Scraped caption text data
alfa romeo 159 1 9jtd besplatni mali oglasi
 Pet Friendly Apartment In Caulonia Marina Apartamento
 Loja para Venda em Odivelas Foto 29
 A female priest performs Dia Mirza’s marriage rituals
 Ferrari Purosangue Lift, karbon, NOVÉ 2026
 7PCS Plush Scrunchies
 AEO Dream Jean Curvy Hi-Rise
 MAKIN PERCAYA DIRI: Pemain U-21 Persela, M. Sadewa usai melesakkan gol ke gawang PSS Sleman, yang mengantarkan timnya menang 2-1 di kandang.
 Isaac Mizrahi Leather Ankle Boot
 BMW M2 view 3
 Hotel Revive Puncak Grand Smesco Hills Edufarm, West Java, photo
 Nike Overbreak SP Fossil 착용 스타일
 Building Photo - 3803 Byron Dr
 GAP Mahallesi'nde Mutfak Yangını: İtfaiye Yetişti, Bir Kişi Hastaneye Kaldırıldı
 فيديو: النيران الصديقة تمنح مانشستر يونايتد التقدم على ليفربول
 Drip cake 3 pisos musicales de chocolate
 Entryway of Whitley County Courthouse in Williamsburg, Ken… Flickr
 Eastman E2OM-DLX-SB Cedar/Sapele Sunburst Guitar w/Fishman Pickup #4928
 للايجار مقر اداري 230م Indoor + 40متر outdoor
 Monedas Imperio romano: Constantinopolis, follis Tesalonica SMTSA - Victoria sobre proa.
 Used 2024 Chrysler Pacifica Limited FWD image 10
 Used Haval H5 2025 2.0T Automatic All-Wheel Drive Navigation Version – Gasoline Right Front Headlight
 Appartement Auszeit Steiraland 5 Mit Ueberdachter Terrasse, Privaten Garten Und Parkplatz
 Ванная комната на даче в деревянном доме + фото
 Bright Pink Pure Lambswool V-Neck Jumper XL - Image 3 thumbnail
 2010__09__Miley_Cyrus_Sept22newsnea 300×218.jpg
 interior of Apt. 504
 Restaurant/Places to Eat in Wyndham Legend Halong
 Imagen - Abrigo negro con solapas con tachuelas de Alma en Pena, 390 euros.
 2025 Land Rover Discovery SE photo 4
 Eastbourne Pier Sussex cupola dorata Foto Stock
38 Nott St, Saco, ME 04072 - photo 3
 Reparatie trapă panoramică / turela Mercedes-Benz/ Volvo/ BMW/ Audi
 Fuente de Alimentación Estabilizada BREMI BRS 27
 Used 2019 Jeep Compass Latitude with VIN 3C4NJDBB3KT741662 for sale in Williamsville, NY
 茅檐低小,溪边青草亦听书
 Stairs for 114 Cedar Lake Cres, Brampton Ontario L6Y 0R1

● EXERCISE DETAILS
Tell how many lines above contain the word "Foto". Give the number alone.

● RESPONSE AREA
2